WHAT TO PRODUCE
This exercise calls for the data below to be retyped exactly, minus any images.

DATASET EXCERPT
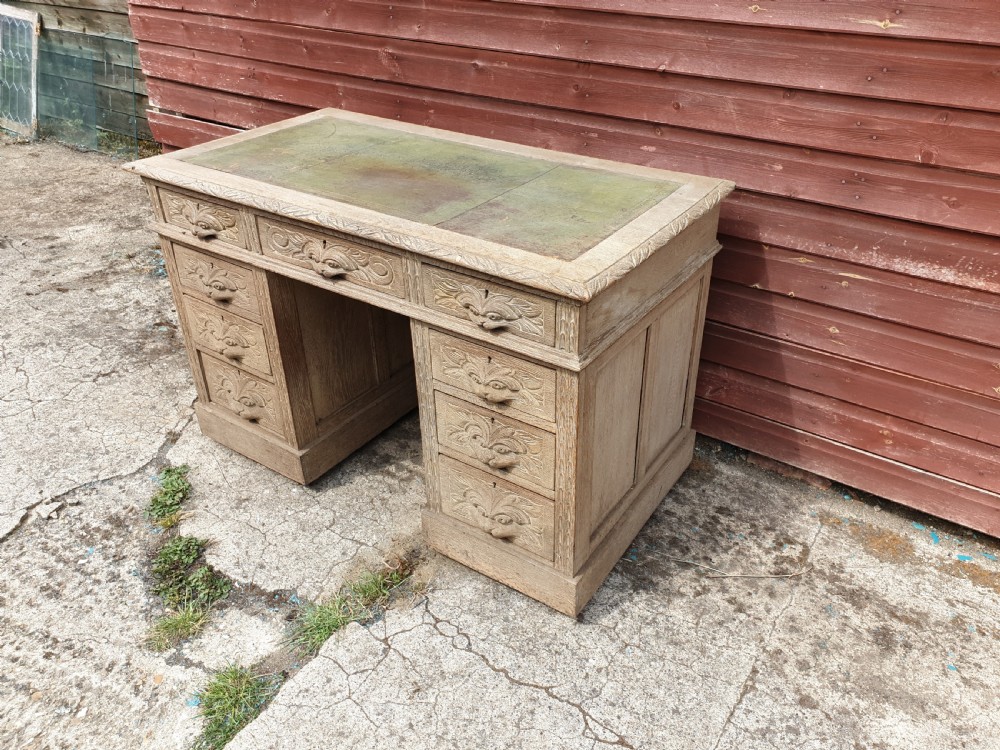 Early 20th century carved oak kneehole pedestal desk 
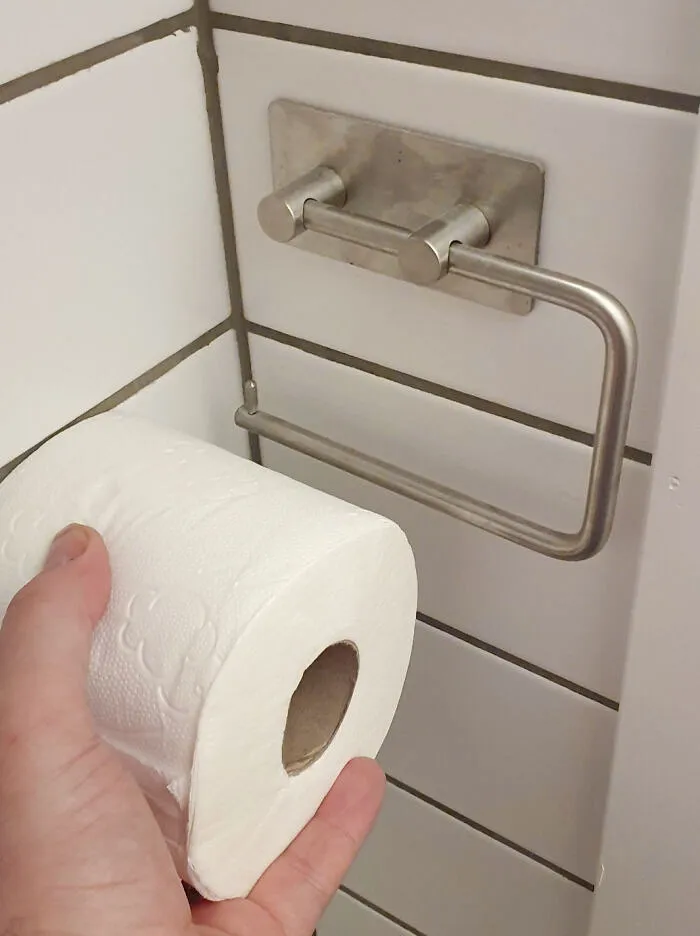A poorly planned bathroom renovation fiasco with a toilet paper holder installed too close to a tiled wall.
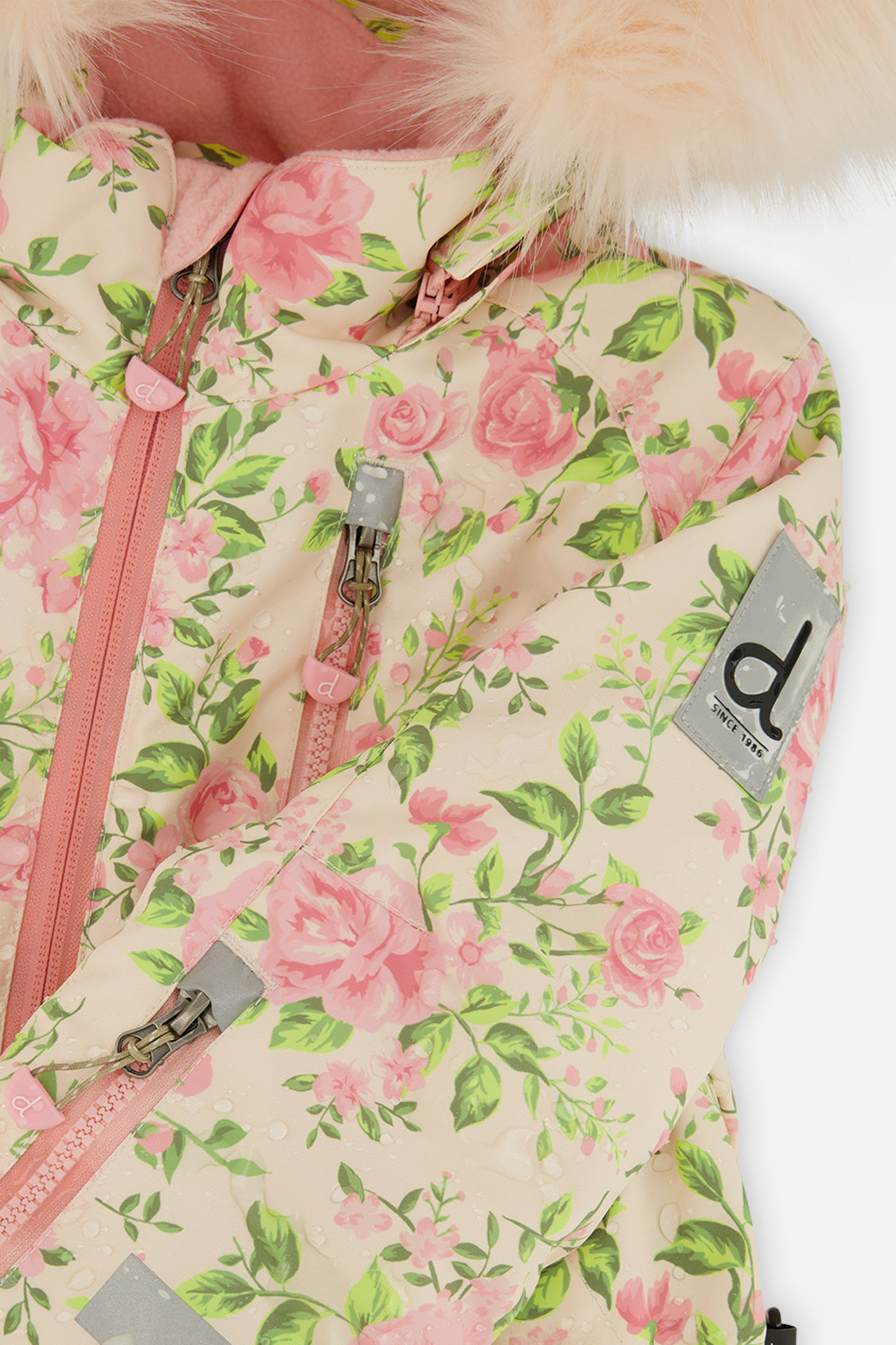 Close-up of the pink roses and green leaves on the beige Deux par Deux PLAY snowsuit with logo patch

ANSWER
 Early 20th century carved oak kneehole pedestal desk 
A poorly planned bathroom renovation fiasco with a toilet paper holder installed too close to a tiled wall.
 Close-up of the pink roses and green leaves on the beige Deux par Deux PLAY snowsuit with logo patch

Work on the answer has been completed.